_EXERCISE_.
Exactly the lines from the one holding "656 Coral Trace" through the last line of the listing below must appear in the answer, and no pictures.

_PROVIDED DATA_.

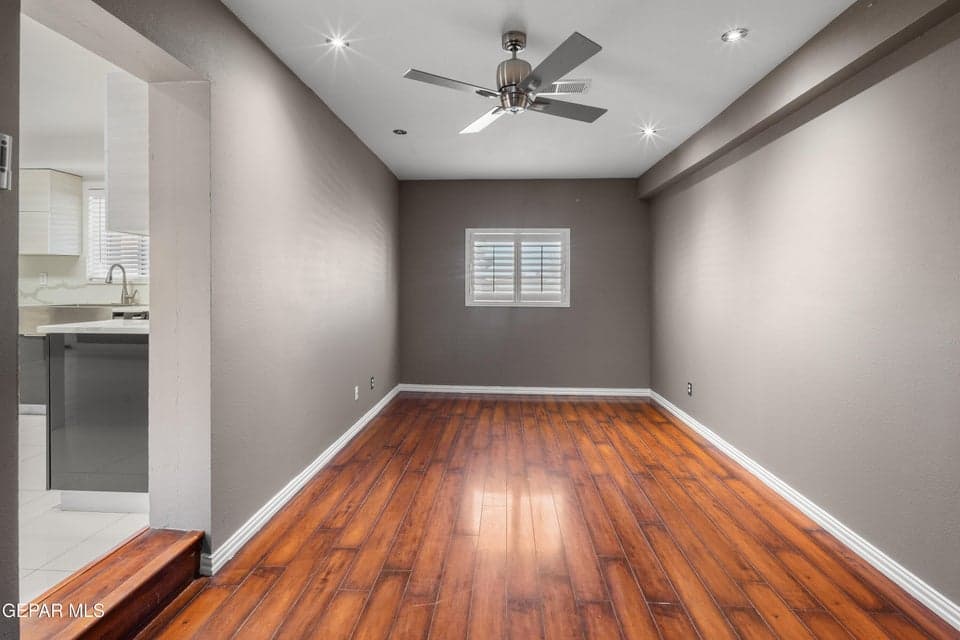 210-Belvidere-MLS-Camera-Guy-22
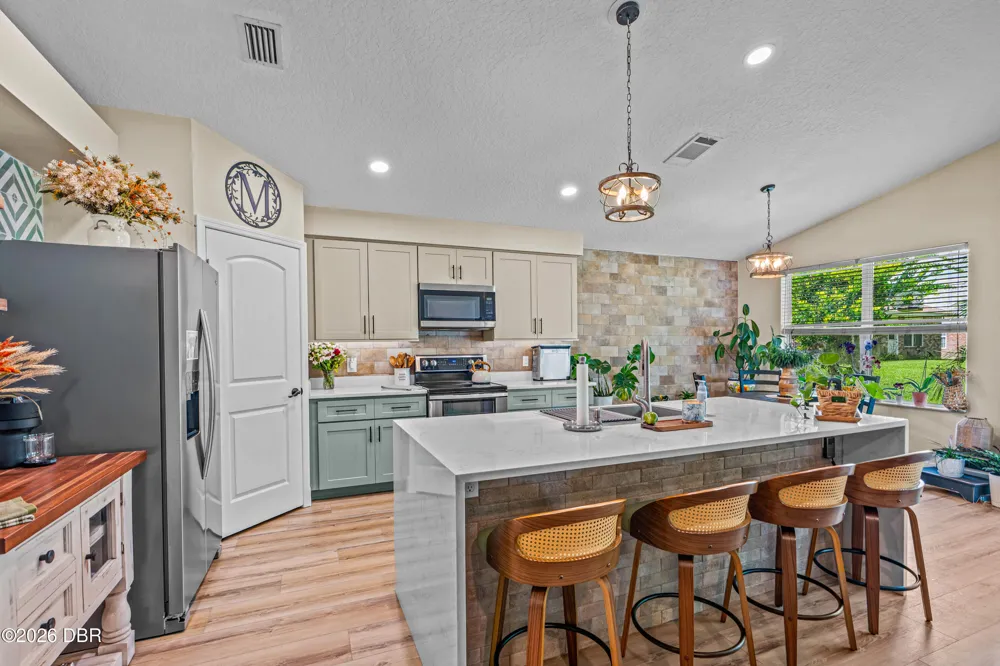 656 Coral Trace Boulevard Edgewater, FL 32132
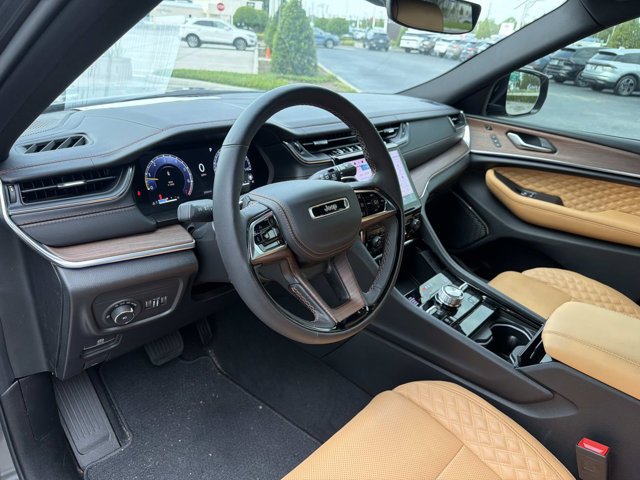 Used 2025 Jeep Grand Cherokee Summit w/ Obsidian Package AWD/4WD image 14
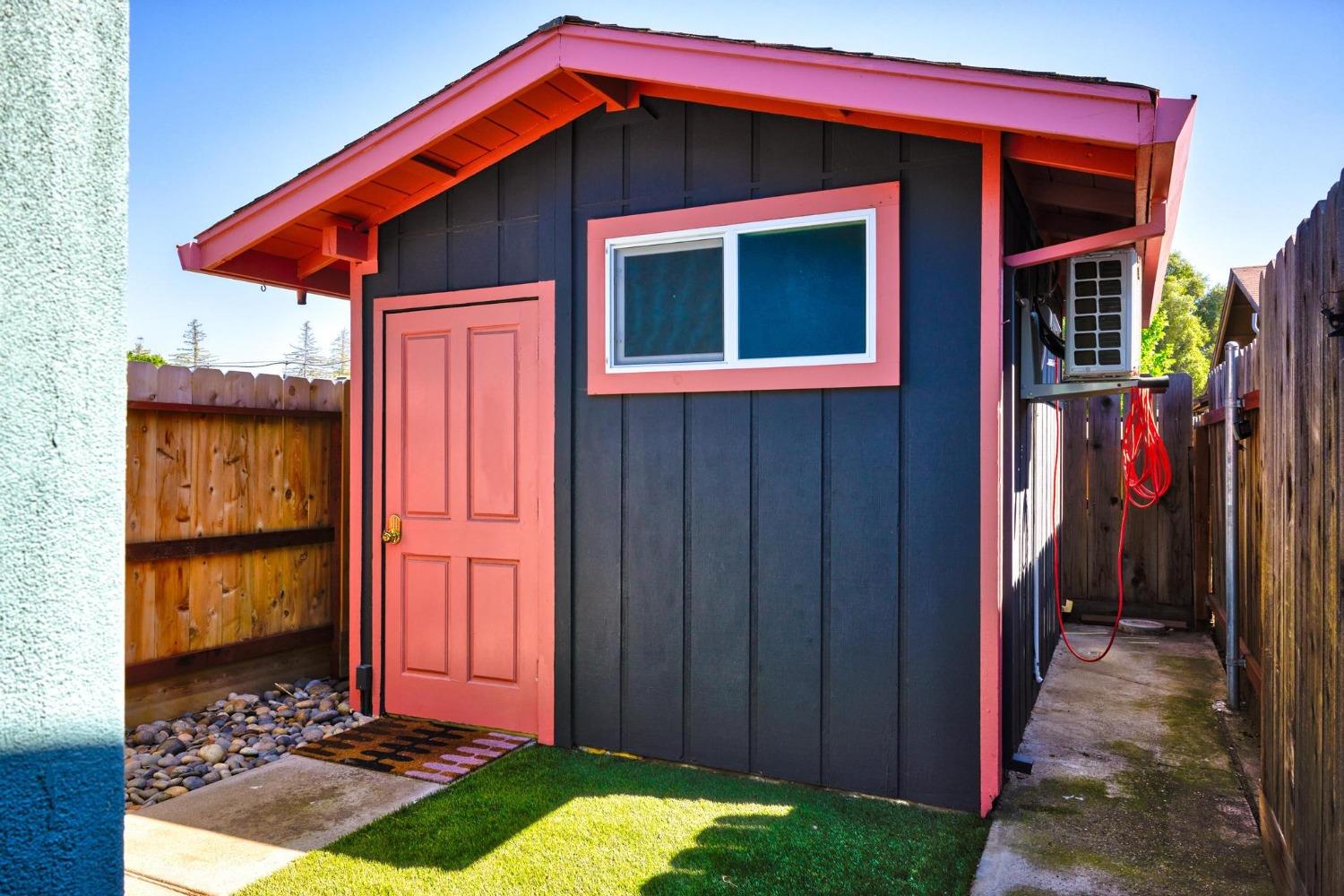 Shadyside, Oakdale, California image 32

_TASK OUTPUT_.
 656 Coral Trace Boulevard Edgewater, FL 32132
 Used 2025 Jeep Grand Cherokee Summit w/ Obsidian Package AWD/4WD image 14
 Shadyside, Oakdale, California image 32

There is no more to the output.